(Captioned web image data)
%%

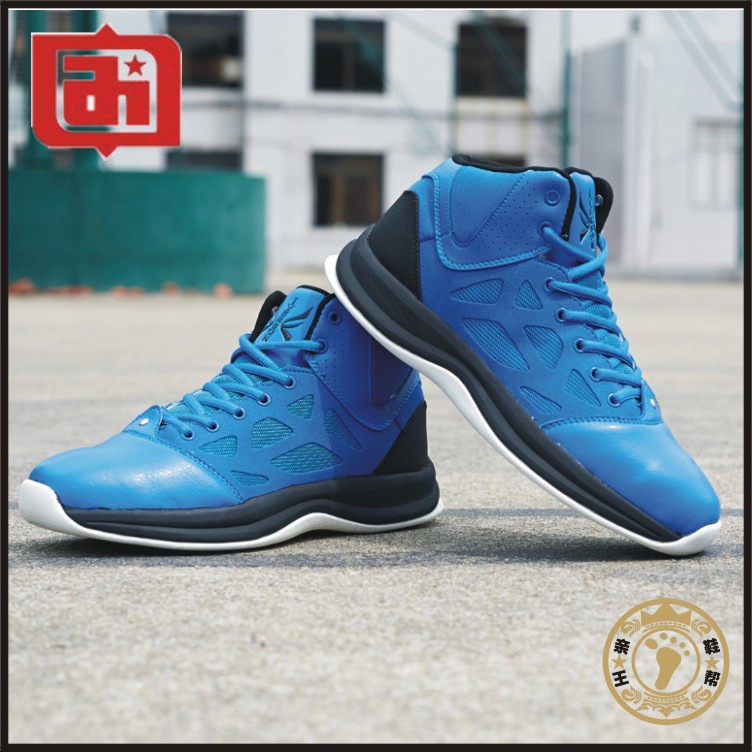 新款专柜正品艾弗森中帮篮球鞋男  水泥地减震防滑耐磨透气战靴
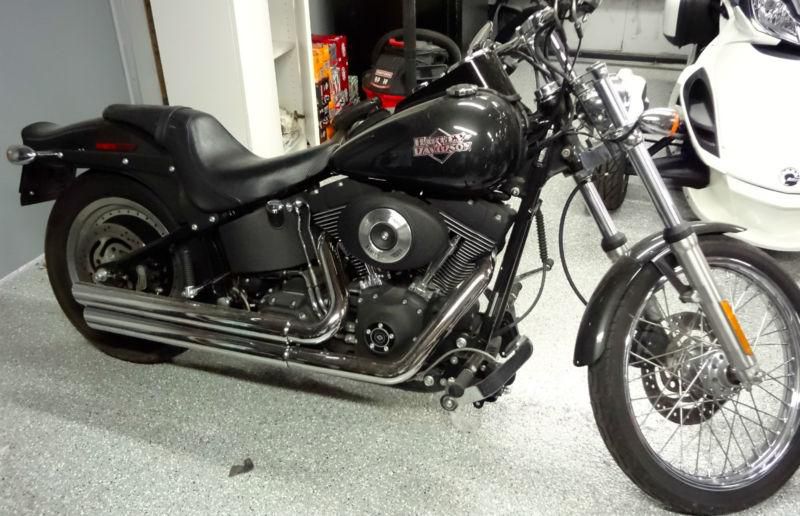2005 Harley Davidson Softtail Night Train LOW MILES in Beautiful condition
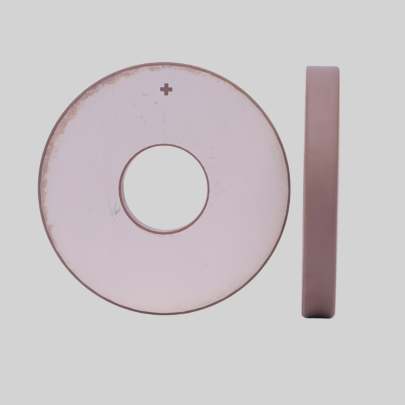 20KHZ PIEZO CERAMIC RING NON Woven Machine Parts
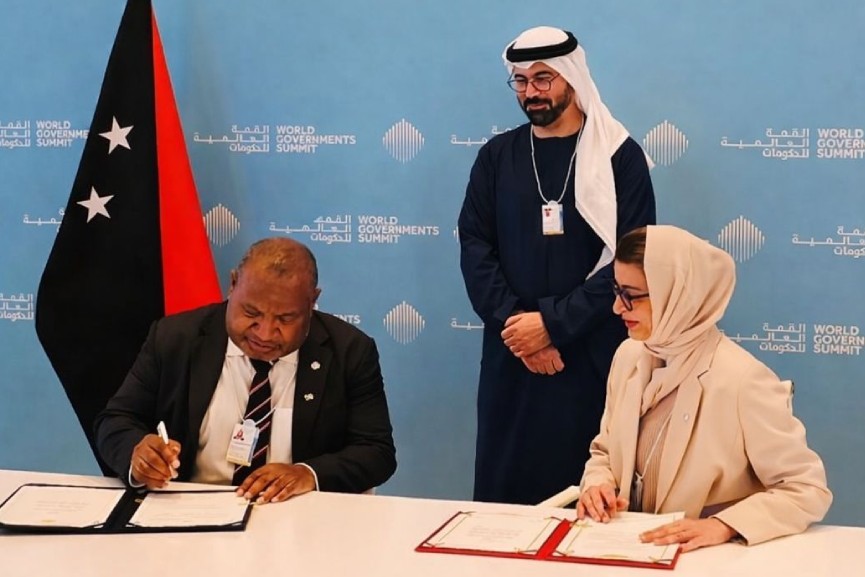 UAE and Papua New Guinea agree on mutual visa waiver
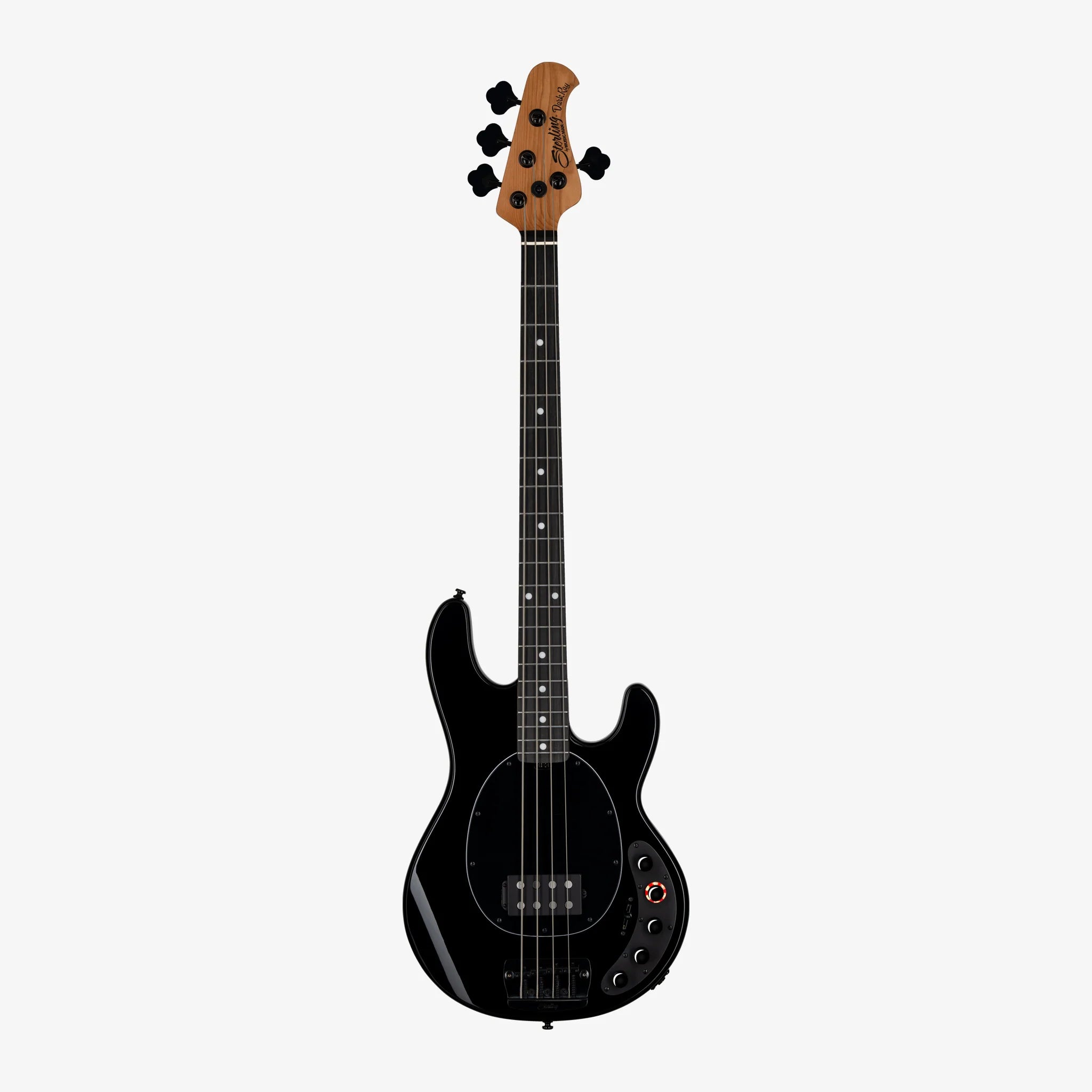 Sterling by Music Man DarkRay Electric Bass Guitar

%%

* **Exercise goal**
The response must restate exactly the lines from the one containing "20KHZ PIEZO CERAMIC" through the end of the records above and must leave out all pictures.

* **Response area**
 20KHZ PIEZO CERAMIC RING NON Woven Machine Parts
 UAE and Papua New Guinea agree on mutual visa waiver
 Sterling by Music Man DarkRay Electric Bass Guitar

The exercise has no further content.